WHAT THIS TASK INVOLVES
From the records below, extract only the lines running from the line with "Dog Isolated Vector" to the line with "Mediterranean with Greek", both lines included, reproducing them exactly.
======
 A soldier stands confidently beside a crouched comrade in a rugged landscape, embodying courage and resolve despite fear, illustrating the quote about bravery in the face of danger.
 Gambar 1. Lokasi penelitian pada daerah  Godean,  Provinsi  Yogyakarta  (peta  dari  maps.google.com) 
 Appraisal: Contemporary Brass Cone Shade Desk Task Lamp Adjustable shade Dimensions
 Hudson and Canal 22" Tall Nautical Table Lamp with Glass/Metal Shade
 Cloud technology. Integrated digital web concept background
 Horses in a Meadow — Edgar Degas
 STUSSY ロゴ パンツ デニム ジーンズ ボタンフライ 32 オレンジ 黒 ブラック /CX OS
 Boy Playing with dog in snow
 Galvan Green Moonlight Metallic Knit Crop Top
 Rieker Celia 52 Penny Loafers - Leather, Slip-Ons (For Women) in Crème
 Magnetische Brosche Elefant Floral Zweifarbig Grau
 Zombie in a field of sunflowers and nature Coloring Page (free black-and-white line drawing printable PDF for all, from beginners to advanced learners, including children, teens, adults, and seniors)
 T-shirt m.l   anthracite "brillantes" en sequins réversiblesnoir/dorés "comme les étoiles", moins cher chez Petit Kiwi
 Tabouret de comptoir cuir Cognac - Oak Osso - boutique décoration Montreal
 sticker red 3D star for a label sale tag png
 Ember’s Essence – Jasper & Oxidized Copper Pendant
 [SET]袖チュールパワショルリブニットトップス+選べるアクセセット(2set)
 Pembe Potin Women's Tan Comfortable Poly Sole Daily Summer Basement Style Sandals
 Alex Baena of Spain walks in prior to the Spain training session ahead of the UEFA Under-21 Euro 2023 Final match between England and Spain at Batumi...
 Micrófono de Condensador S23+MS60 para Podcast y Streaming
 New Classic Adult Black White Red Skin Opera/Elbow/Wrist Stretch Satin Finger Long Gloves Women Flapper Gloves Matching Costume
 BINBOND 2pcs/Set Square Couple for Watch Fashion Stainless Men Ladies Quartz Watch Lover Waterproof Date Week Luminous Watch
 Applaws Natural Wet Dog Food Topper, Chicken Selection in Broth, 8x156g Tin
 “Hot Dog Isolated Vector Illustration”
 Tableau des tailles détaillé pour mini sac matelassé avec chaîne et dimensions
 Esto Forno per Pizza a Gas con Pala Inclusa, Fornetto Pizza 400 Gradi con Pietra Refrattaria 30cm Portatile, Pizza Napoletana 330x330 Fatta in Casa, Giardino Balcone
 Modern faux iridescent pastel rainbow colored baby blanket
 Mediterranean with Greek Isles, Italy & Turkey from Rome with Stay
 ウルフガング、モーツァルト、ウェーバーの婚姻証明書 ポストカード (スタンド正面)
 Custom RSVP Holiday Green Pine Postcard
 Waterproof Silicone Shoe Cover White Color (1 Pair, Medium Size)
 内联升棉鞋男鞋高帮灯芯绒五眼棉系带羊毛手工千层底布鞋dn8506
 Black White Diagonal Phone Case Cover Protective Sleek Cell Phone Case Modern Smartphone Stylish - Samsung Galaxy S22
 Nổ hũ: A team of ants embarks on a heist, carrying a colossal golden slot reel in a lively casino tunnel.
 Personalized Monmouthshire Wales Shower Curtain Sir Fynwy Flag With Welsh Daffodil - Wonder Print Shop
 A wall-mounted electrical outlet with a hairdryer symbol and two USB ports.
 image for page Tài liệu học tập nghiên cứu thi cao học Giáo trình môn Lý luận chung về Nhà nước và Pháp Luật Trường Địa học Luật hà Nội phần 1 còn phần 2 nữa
======
SOLUTION TO THIS PROBLEM
 “Hot Dog Isolated Vector Illustration”
 Tableau des tailles détaillé pour mini sac matelassé avec chaîne et dimensions
 Esto Forno per Pizza a Gas con Pala Inclusa, Fornetto Pizza 400 Gradi con Pietra Refrattaria 30cm Portatile, Pizza Napoletana 330x330 Fatta in Casa, Giardino Balcone
 Modern faux iridescent pastel rainbow colored baby blanket
 Mediterranean with Greek Isles, Italy & Turkey from Rome with Stay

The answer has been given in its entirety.